# New Generation 4 Glock 22



## punisher73 (Feb 23, 2010)

http://www.gunsholstersandgear.com/2009/10/29/gen-4-glock-a-look-at-the-new-features/







The RTF (rough textured frame) has been tweaked since alot of complaints were made that it wore through clothing too quickly.  I really like my Glock and I'm excited to upgrade my duty pistol with the new backstraps to get a better fit.


----------



## Deaf Smith (Feb 23, 2010)

I've seen'em and handled them. I find they fit me best with NO added backstrap! Interesting recoil spring to.

I'm sure they are fine guns and if I was in the market for a new Glock and the 22 model was the size I needed, it would be the pick.
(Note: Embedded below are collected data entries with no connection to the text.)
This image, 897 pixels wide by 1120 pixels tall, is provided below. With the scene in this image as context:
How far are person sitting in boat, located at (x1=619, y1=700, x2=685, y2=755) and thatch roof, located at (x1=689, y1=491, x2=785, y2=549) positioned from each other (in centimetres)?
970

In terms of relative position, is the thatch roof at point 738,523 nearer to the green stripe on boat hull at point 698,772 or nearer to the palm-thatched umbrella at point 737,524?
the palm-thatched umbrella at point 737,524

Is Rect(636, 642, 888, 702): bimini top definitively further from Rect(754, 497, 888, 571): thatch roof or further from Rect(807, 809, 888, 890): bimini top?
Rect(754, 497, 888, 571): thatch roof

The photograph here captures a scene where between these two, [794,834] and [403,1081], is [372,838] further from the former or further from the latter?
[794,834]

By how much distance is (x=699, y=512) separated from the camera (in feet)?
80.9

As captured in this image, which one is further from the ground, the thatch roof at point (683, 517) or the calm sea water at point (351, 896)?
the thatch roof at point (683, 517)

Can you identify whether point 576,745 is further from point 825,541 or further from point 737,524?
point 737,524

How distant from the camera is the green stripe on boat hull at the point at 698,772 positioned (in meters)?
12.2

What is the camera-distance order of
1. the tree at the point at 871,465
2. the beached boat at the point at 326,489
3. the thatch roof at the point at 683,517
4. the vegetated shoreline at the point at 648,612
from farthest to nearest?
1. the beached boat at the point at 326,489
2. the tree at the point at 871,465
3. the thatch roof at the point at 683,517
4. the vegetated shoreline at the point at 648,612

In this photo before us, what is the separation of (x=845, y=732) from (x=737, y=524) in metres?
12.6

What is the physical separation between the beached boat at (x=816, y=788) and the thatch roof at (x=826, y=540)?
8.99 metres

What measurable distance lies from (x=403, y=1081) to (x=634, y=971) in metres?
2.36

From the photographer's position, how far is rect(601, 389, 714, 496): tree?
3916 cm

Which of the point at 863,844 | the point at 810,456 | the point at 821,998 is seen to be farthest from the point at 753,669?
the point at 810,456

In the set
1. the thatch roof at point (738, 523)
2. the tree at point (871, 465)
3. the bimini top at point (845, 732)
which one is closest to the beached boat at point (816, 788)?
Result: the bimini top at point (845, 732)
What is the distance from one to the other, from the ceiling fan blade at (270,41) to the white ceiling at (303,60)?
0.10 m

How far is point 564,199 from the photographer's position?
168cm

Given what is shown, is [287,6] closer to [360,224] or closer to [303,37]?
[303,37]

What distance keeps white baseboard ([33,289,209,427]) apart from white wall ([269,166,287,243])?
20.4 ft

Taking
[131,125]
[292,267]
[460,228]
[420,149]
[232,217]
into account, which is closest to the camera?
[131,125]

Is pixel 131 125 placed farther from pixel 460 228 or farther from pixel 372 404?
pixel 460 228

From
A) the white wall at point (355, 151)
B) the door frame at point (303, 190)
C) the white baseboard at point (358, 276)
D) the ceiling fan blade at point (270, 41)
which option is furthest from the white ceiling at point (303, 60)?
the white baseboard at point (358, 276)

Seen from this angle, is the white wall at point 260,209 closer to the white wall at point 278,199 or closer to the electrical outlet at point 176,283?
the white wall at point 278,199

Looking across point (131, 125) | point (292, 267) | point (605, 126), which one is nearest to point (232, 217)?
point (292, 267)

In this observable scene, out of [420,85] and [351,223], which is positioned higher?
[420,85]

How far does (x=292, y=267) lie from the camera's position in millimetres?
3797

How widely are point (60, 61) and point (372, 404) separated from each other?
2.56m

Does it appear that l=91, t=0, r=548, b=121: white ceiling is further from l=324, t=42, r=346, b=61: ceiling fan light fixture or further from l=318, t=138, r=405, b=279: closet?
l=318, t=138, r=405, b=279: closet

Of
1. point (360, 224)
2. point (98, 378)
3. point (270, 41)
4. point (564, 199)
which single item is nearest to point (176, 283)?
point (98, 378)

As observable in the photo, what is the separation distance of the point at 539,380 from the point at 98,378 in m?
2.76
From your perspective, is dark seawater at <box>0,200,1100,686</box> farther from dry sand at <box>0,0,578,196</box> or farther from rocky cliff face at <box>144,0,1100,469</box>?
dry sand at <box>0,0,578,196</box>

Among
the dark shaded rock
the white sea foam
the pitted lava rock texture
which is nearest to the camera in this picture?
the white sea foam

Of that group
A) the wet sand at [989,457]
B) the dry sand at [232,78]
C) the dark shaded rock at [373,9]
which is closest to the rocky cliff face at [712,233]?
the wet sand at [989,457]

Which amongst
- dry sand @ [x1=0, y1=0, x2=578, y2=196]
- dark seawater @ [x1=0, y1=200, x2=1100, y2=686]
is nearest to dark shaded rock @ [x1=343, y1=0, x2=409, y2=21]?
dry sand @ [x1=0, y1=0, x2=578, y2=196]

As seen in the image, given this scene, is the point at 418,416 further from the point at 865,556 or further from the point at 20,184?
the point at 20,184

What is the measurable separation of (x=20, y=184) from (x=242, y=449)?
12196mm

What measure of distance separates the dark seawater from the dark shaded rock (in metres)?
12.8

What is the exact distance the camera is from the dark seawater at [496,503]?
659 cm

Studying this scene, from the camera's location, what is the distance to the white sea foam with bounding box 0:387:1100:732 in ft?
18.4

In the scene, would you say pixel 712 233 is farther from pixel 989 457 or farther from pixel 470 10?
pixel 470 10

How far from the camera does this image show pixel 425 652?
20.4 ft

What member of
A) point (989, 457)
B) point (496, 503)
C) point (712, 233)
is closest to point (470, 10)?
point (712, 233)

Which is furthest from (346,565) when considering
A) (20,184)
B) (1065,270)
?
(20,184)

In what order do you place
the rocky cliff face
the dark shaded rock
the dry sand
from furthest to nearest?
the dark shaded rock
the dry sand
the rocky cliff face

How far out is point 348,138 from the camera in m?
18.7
And many a cop and guard would be wise to pick it.

Deaf


----------



## Brian R. VanCise (Feb 24, 2010)

I am thrilled with my current one so no need to upgrade here!


----------



## searcher (Feb 24, 2010)

If I were in the market for a new Glock, I would consider one.     But for me, 3 at home is enough for right now.


----------



## Deaf Smith (Feb 24, 2010)

Me to guys. I'm totaly satisfied with my Glocks as-is.

Now of they would make it in some revolutionary round that hits like a .44 magnum, kicks like a .22, holds dozens of rounds, and is light as a feather I might really think about trading! But no gunmaker has such goodies.

Deaf


----------



## Andy Moynihan (Feb 25, 2010)

If I were a Glock person, this'd be very interesting. But I have specific personal criteria that Glocks don't meet ( There are those who believe that having either a mag disconnect or an external safety is a tactical advantage, and I happen to concur). Doesn't make Glocks bad, just makes 'em not my choice.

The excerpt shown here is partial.